HUXMAN, Circuit Judge.
This is an appeal from an order of the United States District Court of Utah, denying appellant's motion under 28 U. S.C.A. § 2255 to vacate a judgment of conviction and sentence imposed thereon on the ground that the judgment and sentence were void, because of appellant's insanity at the time of the trial.
Appellant, Coy George Gordon, and Hoyt Cecil Watson were charged by information with violating Section 2115, Title 18 U.S.C.A. Both appeared before the court for arraignment and, not being represented by counsel, competent counsel was appointed for them. Thereafter, both appeared in court with counsel and, being fully advised of their constitutional rights, entered pleas of guilty. Imposition of sentence was deferred for a pre-sentence report. After receipt of such report and after statements made by defendants in open court as well as by their attorney, the court imposed the sentence herein challenged. The court sentenced appellant to the custody of the Attorney General to serve a term of three and one-half years in a federal penitentiary.
The grounds urged for reversal are that appellant was in fact insane at the time of trial and that the court was, therefore, without jurisdiction to try him. It is without dispute that appellant's mental status was not put in issue at any stage of the trial proceedings. At no time prior to the imposition of sentence was it suggested to the trial court that appellant was insane. That issue arose only after he was committed to the penitentiary to serve the sentence. Shortly after his arrival at the penitentiary, appellant was declared insane under 18 U. S.C.A. § 4241.
Appellant's subsidiary contention that the court erred in disposing of the motion without granting a hearing is not well taken. The only question was a question of law and for a consideration of that question under Section 2255 a hearing was not necessary.

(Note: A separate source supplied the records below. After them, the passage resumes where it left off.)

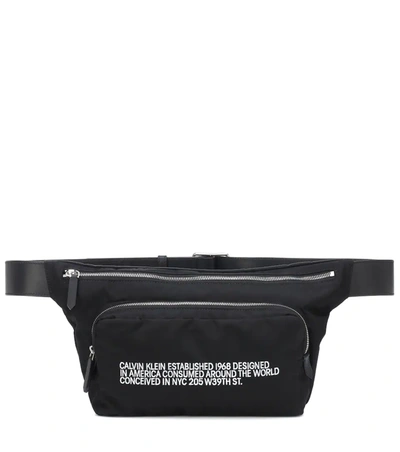 Calvin Klein 205w39nyc Black Ck Address Print Belt Bag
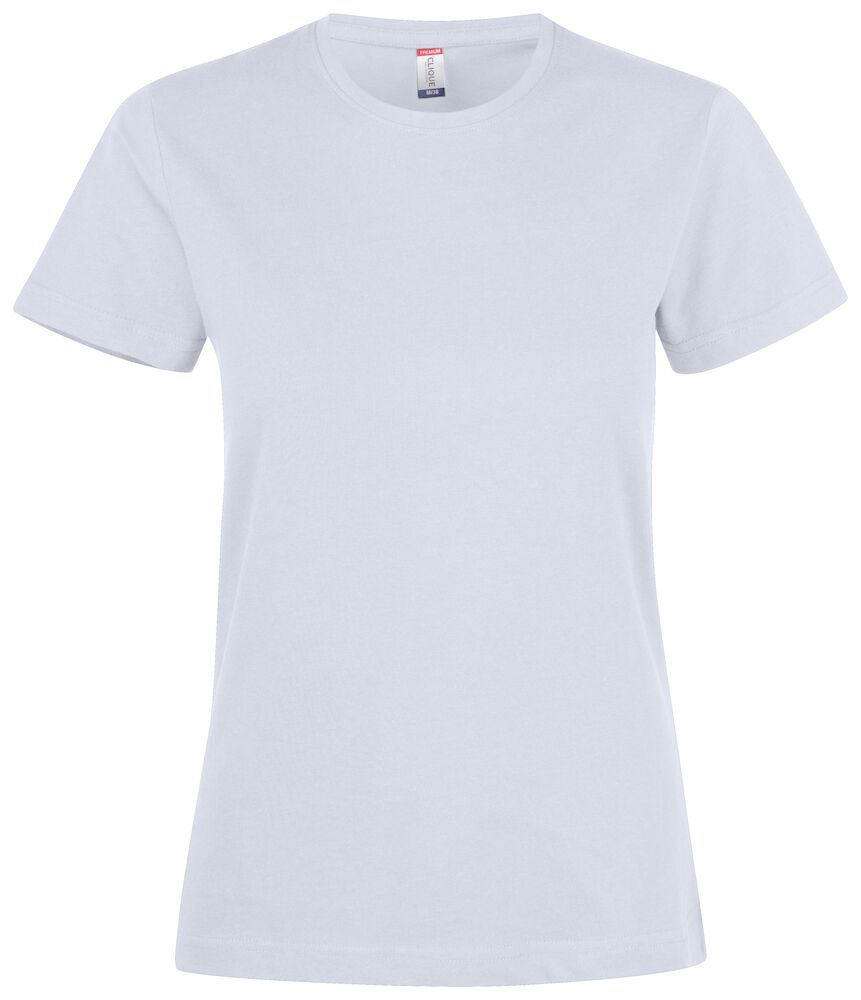 Clique Premium Fashion T-Shirt | Ladies Cotton Tee Shirt | Pre-Shrunk | 4 Colours | XS-2XL - Tee Shirt - Logo Free Clothing
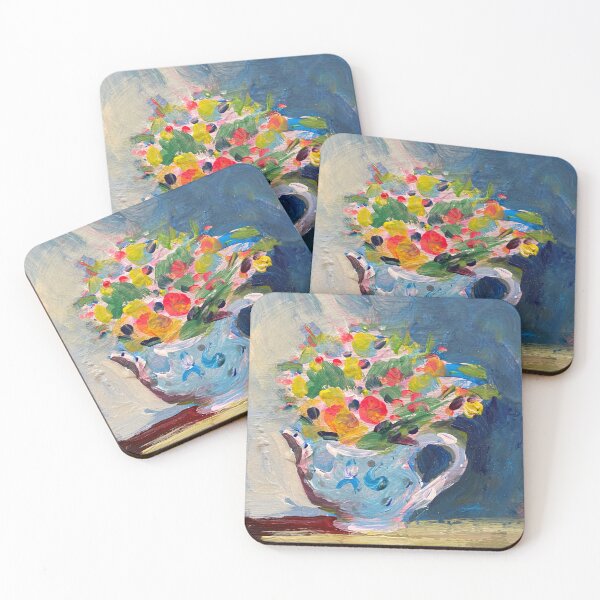 Item preview, Contemporary painting  flowers designed and sold by sonaadalian.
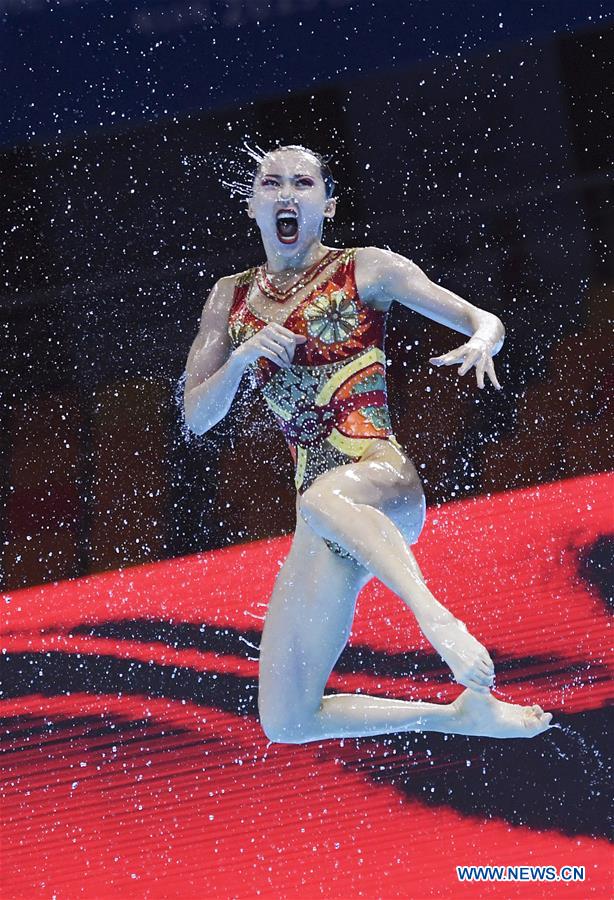 (SP)SOUTH KOREA-GWANGJU-FINA WORLD CHAMPIONSHIPS-ARTISTIC SWIMMING-WOMEN'S TEAM FREE (CN)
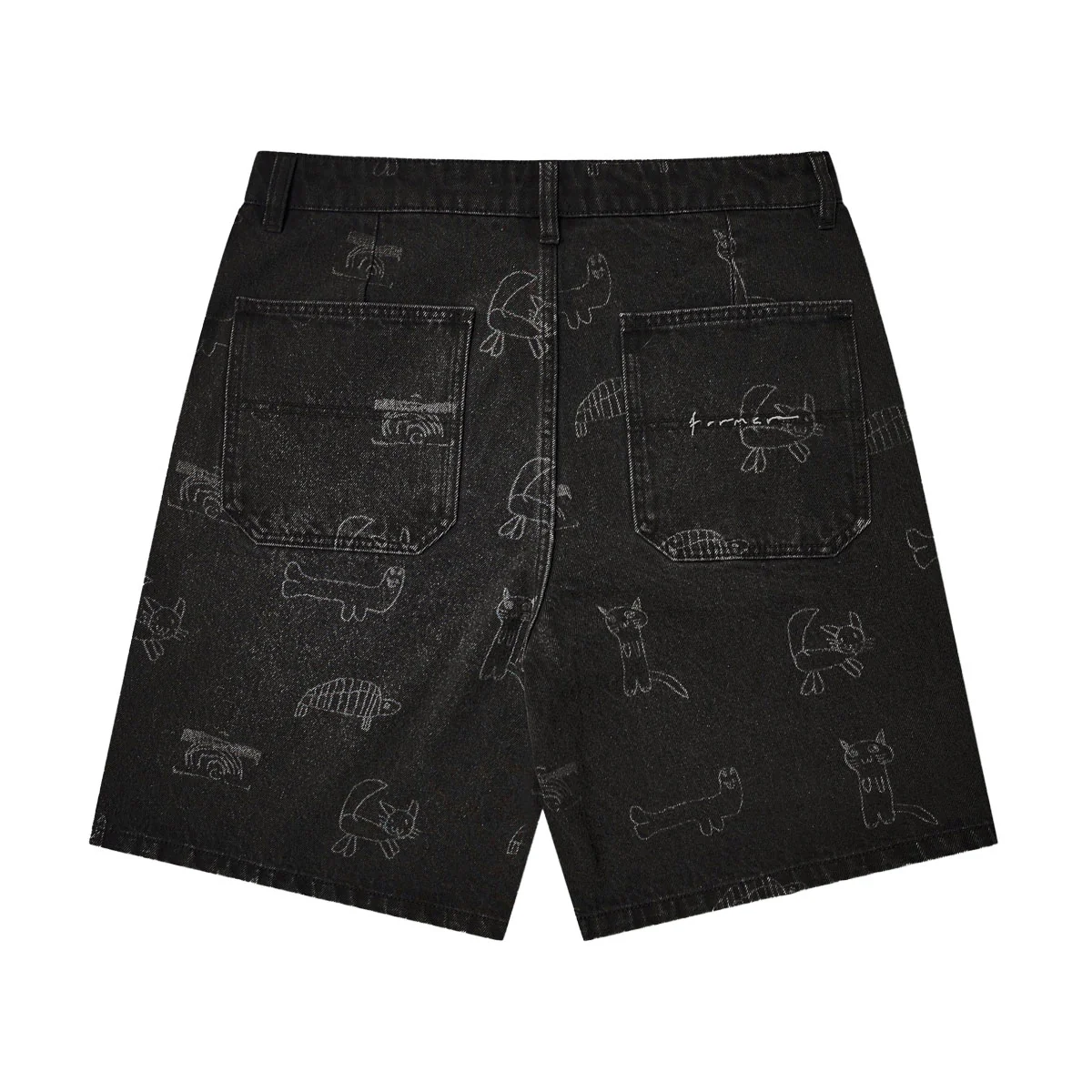 Former Reynolds Yardage Denim 21 Walk Shorts - Washed Black - Image 2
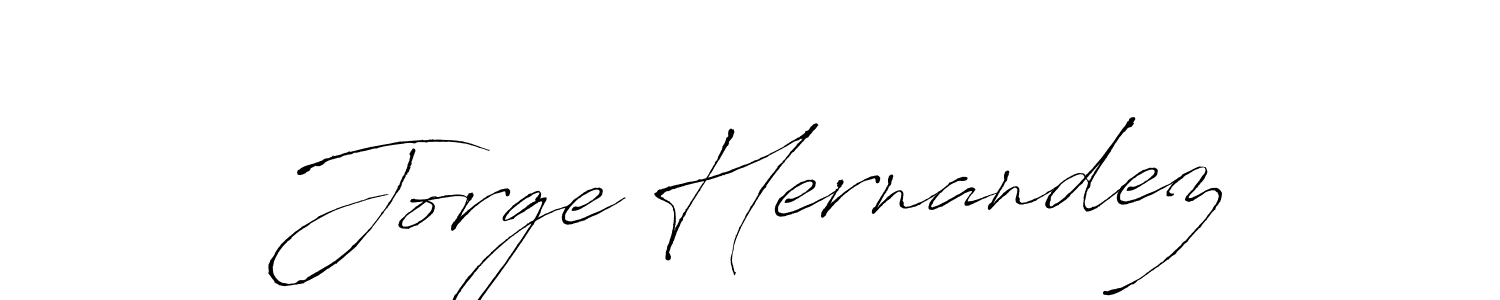 How to make Jorge Hernandez name signature. Use Antro_Vectra style for creating short signs online. This is the latest handwritten sign. Jorge Hernandez signature style 6 images and pictures png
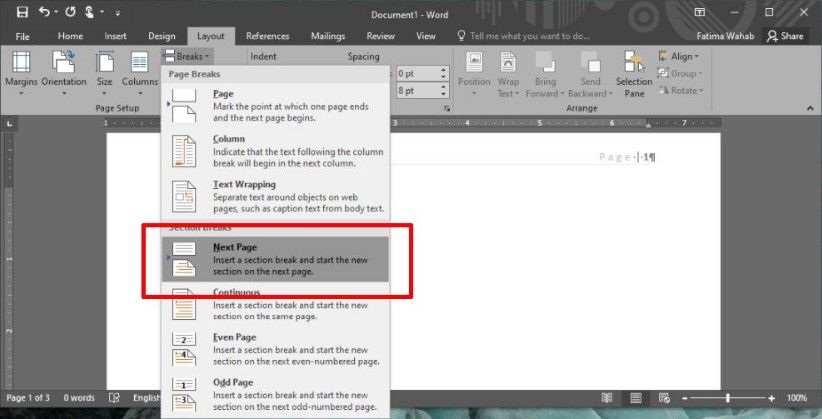 Microsoft Word: cómo omitir páginas numerdas en un documento - islaBit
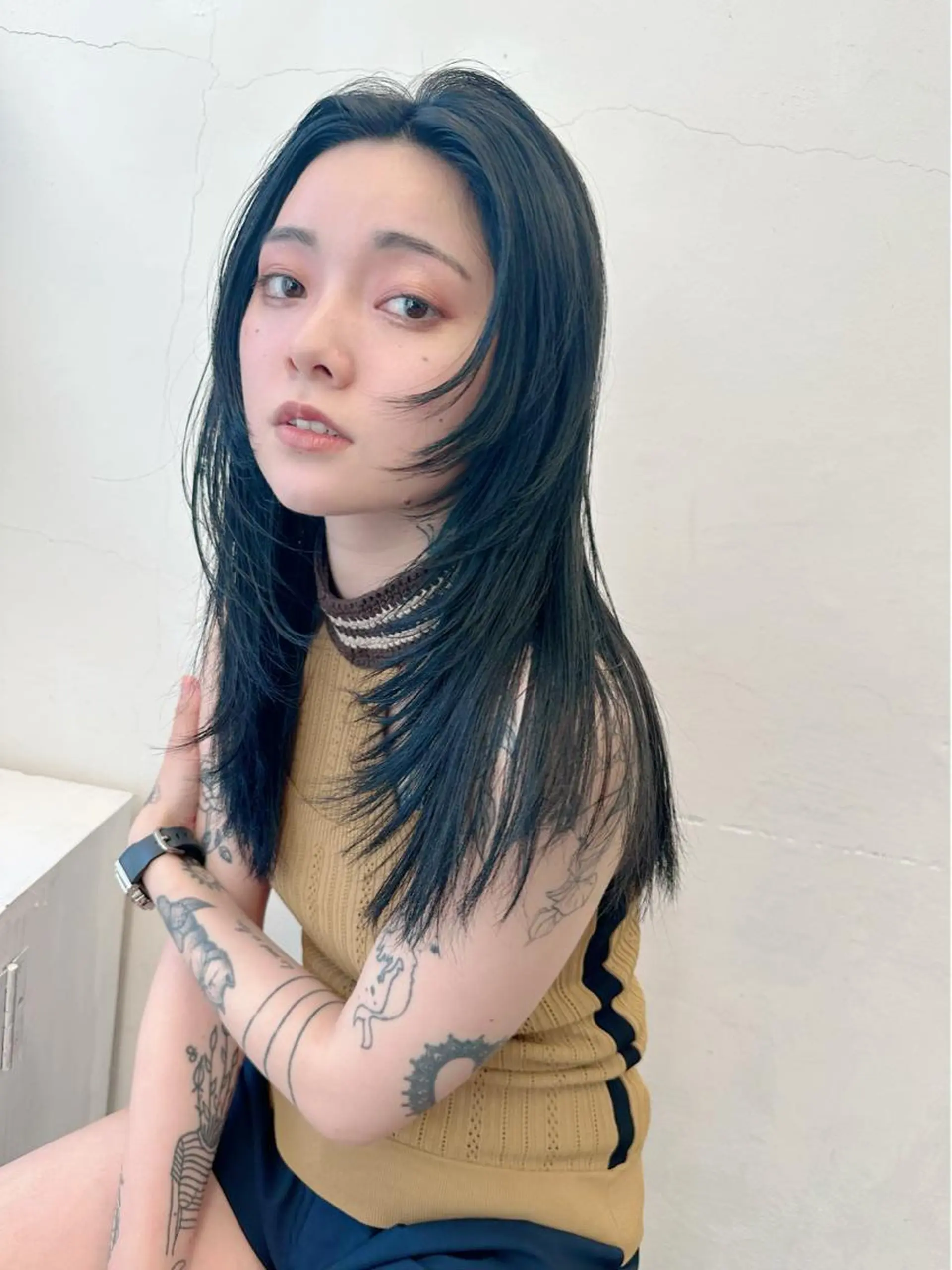 ロング カラー カット ヘアカラー レイヤーカット/艶髪 ✨💭KIRARIのヘアスタイル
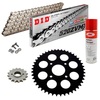 KIT DE TRANSMISION DID 520ZVM-X Plata Reforzado KTM Duke 125 11-13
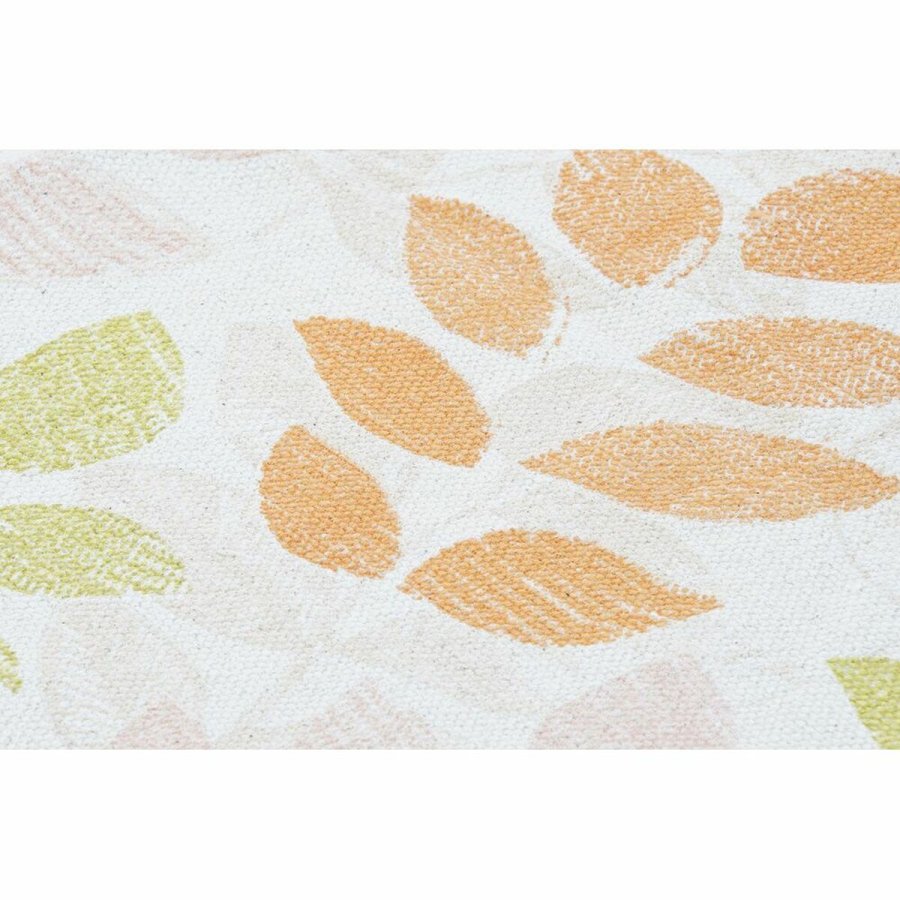 Tppe DKD Home Decor Beige Multifarvet Blad af en plante (160 x 230 x 1 cm) #13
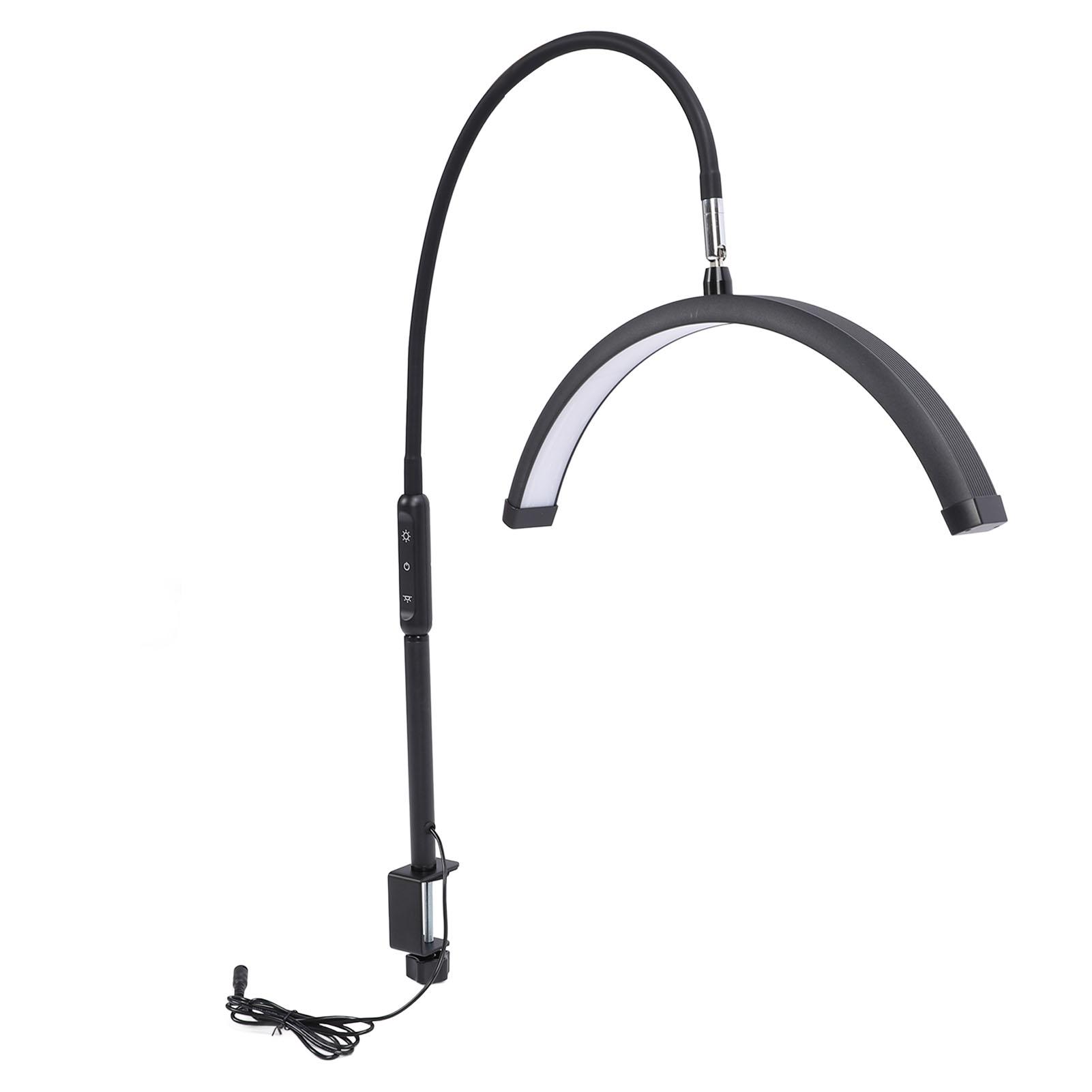 

Лампа для ресниц в форме полумесяца, портативная светодиодная настольная лампа для красоты с зажимом для ресниц EU PLUG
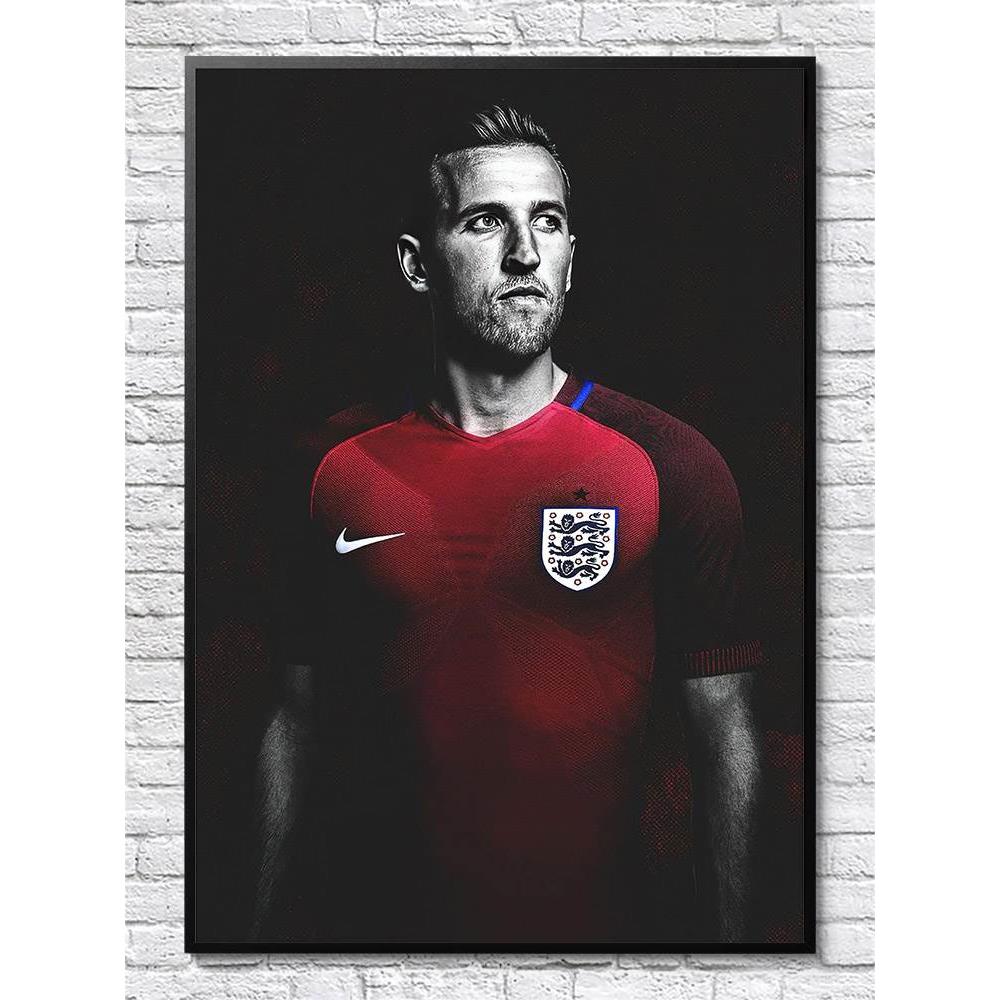 哈里凯恩海报英超热刺足球运动员球星壁纸简约高端相框装饰挂贴画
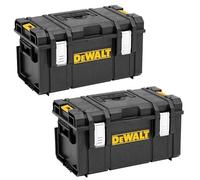 DEWALT Toughsystem DS300 Lot de 2 boîtes à outils empilables 35 l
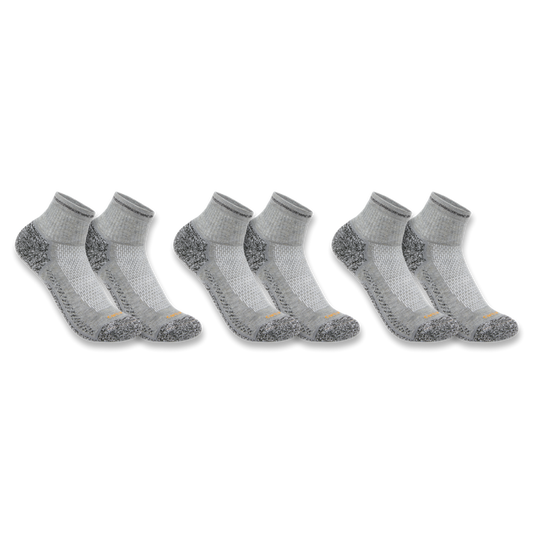 Carhartt FORCE Midweight Quarter Sock 3 Pack – SQ5283M -Gray - Men's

Had the issue of insanity been presented or called to the attention of the court, it would have been necessary for the court to determine that issue before proceeding with the trial.1 But, as pointed out, this was not done under the admitted facts of this case. As pointed out in an able opinion by the trial court, appellant's only remedy is under 18 U. S.C.A. § 4245, which in substance provides that when the Director of the Bureau of Prisons certifies that a person convicted of an offense has been examined, as provided in the section, and there was probable cause to believe that he was mentally incompetent at the time of the trial when the issue was not raised in the trial, the Attorney General shall transmit such report and certificate of the Director of the Bureau of Prisons to the Clerk of the District Court where the conviction was had, and that thereafter the court shall hold a hearing to determine the mental capacity of the accused. The language of this section is too clear to leave any doubt that the only remedy such a one has is the remedy provided for in Section 4245. All the cases so hold and citation of authorities is deemed unnecessary.
It is the conclusion of the court that the trial court correctly concluded that it was without jurisdiction, and the judgment appealed from is, therefore, affirmed.